* About this exercise: All lines from the one containing "Rocket Mini D2" to the end of the entries below should be output exactly as they appear. No other lines should be output.

Web page caption snippets:
● ● ● ●

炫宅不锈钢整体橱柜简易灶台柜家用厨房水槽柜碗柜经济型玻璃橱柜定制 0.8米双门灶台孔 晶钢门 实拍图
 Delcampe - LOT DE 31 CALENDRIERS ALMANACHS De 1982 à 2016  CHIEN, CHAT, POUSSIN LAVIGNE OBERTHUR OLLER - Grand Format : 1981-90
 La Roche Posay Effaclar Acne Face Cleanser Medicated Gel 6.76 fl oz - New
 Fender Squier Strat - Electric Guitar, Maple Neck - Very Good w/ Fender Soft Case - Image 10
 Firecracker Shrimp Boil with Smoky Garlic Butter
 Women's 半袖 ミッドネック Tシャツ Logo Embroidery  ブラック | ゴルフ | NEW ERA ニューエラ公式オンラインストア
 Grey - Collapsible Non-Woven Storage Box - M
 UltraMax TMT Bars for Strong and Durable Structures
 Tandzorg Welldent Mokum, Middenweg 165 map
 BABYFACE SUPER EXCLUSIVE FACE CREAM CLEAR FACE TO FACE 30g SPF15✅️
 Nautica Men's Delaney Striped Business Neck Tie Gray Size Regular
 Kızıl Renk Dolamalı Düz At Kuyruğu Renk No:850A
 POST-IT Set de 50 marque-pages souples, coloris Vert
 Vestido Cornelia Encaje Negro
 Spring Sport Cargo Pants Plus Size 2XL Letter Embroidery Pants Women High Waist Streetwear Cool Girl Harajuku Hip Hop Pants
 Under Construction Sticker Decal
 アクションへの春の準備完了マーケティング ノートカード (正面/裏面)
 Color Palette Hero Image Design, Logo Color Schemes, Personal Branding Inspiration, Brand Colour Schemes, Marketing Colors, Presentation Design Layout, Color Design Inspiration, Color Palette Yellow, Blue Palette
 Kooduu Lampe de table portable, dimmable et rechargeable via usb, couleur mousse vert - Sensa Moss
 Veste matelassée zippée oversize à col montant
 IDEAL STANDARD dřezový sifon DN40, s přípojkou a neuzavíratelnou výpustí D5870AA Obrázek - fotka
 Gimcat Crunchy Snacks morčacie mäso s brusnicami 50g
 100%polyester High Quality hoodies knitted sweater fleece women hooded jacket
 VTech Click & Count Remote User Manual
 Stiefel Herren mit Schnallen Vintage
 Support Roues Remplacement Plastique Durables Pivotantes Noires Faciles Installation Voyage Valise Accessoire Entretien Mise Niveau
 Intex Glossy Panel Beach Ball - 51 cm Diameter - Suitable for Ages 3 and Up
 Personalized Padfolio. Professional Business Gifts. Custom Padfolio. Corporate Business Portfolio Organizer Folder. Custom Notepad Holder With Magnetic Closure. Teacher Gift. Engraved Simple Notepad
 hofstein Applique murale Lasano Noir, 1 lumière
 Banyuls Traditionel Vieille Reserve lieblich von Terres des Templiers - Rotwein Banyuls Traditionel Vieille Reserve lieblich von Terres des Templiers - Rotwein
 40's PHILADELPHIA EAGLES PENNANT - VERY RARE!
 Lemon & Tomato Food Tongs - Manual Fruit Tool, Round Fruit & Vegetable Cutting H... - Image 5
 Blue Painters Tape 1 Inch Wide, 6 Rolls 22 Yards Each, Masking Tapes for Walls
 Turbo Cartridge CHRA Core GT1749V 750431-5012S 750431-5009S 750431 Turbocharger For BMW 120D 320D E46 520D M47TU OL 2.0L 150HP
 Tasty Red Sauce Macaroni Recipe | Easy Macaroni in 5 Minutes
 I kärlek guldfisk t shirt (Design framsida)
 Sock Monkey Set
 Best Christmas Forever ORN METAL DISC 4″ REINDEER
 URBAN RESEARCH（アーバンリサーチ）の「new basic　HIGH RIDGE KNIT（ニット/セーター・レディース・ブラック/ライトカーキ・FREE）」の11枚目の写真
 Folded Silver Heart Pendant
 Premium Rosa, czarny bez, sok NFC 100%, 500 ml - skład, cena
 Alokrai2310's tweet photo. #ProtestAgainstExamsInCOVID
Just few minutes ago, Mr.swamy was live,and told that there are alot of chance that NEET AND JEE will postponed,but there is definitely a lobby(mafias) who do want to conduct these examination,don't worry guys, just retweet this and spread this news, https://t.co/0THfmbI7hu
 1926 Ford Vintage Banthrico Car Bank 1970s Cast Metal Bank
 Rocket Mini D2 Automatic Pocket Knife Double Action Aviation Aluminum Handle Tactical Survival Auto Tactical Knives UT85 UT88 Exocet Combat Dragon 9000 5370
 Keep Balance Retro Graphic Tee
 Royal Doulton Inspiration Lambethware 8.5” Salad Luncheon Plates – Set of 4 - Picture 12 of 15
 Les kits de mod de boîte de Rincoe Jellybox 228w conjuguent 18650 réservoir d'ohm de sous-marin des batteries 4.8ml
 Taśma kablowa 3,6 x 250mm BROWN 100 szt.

● ● ● ●

* Answer area:
 Rocket Mini D2 Automatic Pocket Knife Double Action Aviation Aluminum Handle Tactical Survival Auto Tactical Knives UT85 UT88 Exocet Combat Dragon 9000 5370
 Keep Balance Retro Graphic Tee
 Royal Doulton Inspiration Lambethware 8.5” Salad Luncheon Plates – Set of 4 - Picture 12 of 15
 Les kits de mod de boîte de Rincoe Jellybox 228w conjuguent 18650 réservoir d'ohm de sous-marin des batteries 4.8ml
 Taśma kablowa 3,6 x 250mm BROWN 100 szt.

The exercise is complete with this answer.